Pakistan has been clever in devising this
stratagem as Vietnam War memories evoke strong reactions and unpleasant
memories amongst United States policy planners who then use the argument
of a ‘hopeless’ war very persuasively with Indian policy planners,
track II diplomats and academia. The Indian media without much analysis
keeps highlighting the "unholy figure of 500,00 troops " in
Vietnam, as if that were the sole cause of America’s debacle in
Vietnam.
Pakistan has been far too clever in alleging
widespread human rights violation in Kashmir. Michael Mandelbaum the
noted American author and policy analyst in a talk in New Delhi in the
early 1990s noted that with the end of the Cold War, the United States
would adopt ‘human rights’ as an ‘ideological weapon’ in the
absence of Communism, as nothing excites the average American mind than
human rights violations. Here too, while foreigners were expected to lap
up Pak propaganda, the drawing room liberalists of New Delhi of all hues
vociferously try to outdo the Westerners. They conveniently forget that
human rights apply to those who live within the ambit of the laws of the
land and not for mercenary terrorists or outlaws.
Drawing comparison on what is happening in
Kashmir today and the Vietnam war is not only illogical but also betray
a poor sense of political and strategic analysis on the part of those
accepting such comparisons. It would therefore be in order to highlight
such absurd comparisons.
The absurdity of comparing Kashmir with
Vietnam War
The Vietnam War was an offshoot of the
extension of the Cold War in Asia-Pacific which first manifested in
Korea. It was a component of the global superpower rivalry resting both
on ideological confrontation and strategic considerations. Kashmir issue
on the other hand is very much a local south Asian problem festered
unceasingly by Pakistan and fuelled by its domestic political
compulsions. As opposed to ideological causes, Pakistan claims Kashmir
on the basis of the ‘two nation theory’ (separate homeland for
Indian Muslims) which stood negated in 1947 and 1971 when East Pakistan
fought its way out to become Bangladesh.
The Vietnam War emerged as a result of military
intervention by the United States to shore up its regimes in the South.
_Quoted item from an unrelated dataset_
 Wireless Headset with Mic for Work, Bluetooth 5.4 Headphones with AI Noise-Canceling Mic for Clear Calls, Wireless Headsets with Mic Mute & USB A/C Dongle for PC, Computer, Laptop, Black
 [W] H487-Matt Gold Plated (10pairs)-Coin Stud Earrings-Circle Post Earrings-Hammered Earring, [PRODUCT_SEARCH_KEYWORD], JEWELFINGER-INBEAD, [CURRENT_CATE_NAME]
It began with limited intervention and then ballooned on to 550,000 at
the time of the US withdrawal. India did not go in for military
intervention in the state of Jammu Kashmir. The state acceded to India
as per the Instrument of Accession accepted by India’s Governor
General who happened to be a member of the British royalty, Lord
Mountbatten. Indian forces moved in to repel the Pakistani invaders who
had militarily occupied the state right upto its capital Srinagar.
Pakistan still occupies one third of the state.
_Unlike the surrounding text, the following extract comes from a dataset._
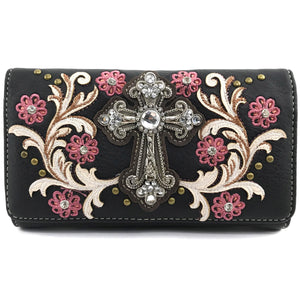 Blossom Floral Embroidery Cross Wallet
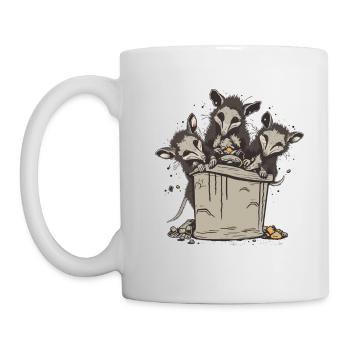 Possums Eating Trash - Mug - white - Left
Unlike the Vietnam Wars where there was a mass
upsurge against American military intervention, such a situation does
not exist in Kashmir. The insurgency did not acquire a mass character of
even that of Bangladesh variety. The insurrection in Jammu and Kashmir
State has remained confined to the Kashmir Valley Muslims. The Gujjar
Muslims and Shia Muslims of Poonch and Kargil have not been part of this
insurgency. Today the military conflict in Kashmir is nothing but a
proxy war launched by Pakistan through Islamic fundamentalist
mercenaries from the radical states of the Islamic world and Pakistani
madrassas. To call the disaffection of a section of the valley Muslims
as a mass upsurge of the Vietnam variety is absurd.
Coming to the much touted comparison of numbers
of troops deployed in Vietnam and Kashmir, the argument becomes totally
illogical in terms of comparative analysis. In Vietnam, the Americans
started with a token intervention of about a division worth of troops,
as the stakes became higher, collaterally linked with the global
strategic situation Vietnam ultimately sucked in nearly 500,000 troops,
to no avail.
The Indian military deployment in Kashmir even
before the valley disaffection started in 1989 is over two corps sized
formations and independent brigades. These stood deployed for the
defence of India’s territorial integrity as a result of Pakistani
invasions in 1947, 1965 and 1971 and the Chinese invasion in 1962.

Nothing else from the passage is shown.